YOUR INSTRUCTIONS:
For each line below that holds "Images", return the line as it stands.

*** Opening of SUPPLIED MATERIAL ***

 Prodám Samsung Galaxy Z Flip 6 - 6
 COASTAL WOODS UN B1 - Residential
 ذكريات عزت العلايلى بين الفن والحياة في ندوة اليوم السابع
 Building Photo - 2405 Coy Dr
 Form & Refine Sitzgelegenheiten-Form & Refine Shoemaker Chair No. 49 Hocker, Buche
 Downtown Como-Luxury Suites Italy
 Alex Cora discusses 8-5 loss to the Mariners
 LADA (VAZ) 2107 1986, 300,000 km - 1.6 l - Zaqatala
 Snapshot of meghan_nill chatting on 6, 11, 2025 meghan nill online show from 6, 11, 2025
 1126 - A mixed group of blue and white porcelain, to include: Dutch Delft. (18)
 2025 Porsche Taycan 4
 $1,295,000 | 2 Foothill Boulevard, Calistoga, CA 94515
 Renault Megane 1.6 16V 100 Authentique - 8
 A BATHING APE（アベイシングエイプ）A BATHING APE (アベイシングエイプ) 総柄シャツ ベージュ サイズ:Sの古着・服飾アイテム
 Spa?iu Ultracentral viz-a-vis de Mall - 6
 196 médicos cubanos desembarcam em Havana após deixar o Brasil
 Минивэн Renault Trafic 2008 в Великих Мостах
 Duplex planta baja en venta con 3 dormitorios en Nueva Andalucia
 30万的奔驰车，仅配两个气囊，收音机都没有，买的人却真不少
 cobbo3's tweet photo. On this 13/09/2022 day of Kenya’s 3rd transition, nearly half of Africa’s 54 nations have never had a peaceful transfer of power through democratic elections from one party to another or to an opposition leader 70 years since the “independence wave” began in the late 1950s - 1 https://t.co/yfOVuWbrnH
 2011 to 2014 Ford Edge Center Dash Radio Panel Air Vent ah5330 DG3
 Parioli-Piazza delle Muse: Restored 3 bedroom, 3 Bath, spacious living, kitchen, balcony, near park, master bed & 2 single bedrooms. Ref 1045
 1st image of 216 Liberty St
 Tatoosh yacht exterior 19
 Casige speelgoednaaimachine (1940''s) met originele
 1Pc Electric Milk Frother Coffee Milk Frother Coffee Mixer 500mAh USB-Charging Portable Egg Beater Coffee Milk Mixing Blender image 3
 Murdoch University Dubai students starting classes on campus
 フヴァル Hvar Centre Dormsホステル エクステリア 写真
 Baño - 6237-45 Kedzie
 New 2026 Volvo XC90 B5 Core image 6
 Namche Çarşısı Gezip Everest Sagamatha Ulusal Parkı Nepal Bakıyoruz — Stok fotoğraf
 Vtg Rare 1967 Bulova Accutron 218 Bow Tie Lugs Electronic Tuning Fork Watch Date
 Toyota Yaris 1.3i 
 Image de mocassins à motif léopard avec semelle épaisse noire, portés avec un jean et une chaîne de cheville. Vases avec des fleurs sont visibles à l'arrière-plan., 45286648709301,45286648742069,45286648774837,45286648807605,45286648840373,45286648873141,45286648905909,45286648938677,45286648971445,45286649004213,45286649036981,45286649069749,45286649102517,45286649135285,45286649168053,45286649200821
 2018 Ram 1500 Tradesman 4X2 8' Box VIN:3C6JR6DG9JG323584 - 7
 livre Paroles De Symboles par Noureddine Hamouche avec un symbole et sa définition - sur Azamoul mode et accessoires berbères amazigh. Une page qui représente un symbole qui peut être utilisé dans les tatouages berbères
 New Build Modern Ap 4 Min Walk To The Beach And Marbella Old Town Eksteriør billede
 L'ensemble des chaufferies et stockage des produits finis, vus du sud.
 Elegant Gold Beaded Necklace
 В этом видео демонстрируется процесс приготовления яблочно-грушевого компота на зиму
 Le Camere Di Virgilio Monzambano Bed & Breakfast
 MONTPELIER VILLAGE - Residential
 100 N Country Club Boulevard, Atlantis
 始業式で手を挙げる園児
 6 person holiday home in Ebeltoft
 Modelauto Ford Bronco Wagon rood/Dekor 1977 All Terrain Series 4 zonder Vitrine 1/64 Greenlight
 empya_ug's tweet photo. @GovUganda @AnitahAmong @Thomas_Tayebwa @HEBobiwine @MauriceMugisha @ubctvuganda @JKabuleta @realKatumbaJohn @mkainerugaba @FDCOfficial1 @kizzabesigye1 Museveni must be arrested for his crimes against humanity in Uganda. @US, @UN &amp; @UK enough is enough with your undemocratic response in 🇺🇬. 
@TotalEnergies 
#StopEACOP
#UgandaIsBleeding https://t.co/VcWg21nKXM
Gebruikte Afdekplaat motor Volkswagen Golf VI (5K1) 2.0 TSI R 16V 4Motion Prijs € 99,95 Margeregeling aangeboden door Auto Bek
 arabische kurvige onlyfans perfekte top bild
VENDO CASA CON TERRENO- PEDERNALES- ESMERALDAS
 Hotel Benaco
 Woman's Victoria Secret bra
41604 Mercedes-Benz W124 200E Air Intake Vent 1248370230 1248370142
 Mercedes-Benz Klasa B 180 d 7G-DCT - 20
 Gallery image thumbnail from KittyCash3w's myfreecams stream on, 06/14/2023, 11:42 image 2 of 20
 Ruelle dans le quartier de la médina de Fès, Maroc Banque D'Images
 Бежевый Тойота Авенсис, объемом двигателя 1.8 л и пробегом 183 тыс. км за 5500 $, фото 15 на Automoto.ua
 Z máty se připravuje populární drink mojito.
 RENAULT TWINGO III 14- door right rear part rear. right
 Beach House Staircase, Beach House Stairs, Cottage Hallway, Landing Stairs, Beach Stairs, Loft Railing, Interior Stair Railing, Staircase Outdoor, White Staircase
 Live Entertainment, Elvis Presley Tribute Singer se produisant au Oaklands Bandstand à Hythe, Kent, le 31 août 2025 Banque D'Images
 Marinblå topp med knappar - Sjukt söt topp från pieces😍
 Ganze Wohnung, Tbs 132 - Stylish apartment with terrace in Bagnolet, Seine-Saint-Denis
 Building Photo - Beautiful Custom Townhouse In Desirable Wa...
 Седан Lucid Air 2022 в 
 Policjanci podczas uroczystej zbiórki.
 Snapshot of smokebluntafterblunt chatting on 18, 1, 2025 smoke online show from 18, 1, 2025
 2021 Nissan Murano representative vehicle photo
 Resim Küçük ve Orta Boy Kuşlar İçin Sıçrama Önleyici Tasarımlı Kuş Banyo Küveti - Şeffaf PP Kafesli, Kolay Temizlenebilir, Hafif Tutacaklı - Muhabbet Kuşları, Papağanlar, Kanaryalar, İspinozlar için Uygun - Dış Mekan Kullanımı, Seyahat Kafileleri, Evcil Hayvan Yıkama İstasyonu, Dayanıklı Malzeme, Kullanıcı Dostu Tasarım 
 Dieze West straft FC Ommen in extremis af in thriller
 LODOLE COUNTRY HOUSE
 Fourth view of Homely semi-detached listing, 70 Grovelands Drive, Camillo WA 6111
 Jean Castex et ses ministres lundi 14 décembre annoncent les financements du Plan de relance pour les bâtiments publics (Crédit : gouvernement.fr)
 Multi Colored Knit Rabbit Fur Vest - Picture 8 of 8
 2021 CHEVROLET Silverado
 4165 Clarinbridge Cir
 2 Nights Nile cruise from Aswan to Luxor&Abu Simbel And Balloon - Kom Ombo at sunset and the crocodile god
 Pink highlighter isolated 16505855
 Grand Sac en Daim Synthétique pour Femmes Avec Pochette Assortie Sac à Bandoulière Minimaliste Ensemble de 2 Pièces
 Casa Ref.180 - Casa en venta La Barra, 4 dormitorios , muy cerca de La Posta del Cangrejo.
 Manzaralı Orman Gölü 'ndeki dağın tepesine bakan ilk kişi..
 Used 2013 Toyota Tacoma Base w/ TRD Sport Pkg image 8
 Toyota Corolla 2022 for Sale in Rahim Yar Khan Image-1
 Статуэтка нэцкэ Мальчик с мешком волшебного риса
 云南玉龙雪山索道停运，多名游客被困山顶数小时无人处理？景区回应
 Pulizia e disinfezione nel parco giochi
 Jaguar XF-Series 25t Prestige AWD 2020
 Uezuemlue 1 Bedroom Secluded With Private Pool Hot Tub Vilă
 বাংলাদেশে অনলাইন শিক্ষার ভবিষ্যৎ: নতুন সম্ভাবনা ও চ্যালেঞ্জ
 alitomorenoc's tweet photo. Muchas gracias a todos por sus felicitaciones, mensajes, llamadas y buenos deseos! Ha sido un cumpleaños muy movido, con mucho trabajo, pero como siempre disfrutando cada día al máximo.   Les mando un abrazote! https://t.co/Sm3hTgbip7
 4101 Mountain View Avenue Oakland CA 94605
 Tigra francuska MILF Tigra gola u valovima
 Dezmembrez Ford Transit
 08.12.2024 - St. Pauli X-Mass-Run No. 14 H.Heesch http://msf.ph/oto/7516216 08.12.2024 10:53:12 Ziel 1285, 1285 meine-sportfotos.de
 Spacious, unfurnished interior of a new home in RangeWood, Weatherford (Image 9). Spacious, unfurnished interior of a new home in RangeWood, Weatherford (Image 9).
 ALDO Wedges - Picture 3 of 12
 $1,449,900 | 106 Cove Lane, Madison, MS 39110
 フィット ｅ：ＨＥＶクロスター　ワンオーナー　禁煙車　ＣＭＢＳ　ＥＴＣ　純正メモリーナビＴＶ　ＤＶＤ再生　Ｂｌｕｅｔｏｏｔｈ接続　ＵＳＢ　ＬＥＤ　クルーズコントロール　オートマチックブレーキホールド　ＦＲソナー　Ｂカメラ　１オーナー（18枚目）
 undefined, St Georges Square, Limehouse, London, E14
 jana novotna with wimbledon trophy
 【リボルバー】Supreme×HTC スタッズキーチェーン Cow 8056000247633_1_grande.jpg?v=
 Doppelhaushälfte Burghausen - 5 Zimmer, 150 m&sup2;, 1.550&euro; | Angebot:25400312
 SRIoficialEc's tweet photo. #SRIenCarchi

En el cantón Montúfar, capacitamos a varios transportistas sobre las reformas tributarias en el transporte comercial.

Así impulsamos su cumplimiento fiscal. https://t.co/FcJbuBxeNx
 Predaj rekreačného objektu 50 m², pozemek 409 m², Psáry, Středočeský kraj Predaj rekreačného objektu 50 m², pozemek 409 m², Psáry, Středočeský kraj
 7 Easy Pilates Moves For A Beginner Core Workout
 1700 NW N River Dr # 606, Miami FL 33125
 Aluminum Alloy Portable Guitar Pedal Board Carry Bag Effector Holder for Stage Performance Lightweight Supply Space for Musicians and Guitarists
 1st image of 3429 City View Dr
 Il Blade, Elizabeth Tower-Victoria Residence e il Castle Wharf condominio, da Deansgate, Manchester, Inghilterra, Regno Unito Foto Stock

*** Close of SUPPLIED MATERIAL ***

RESULT OF THE EXERCISE:
 Ruelle dans le quartier de la médina de Fès, Maroc Banque D'Images
 Live Entertainment, Elvis Presley Tribute Singer se produisant au Oaklands Bandstand à Hythe, Kent, le 31 août 2025 Banque D'Images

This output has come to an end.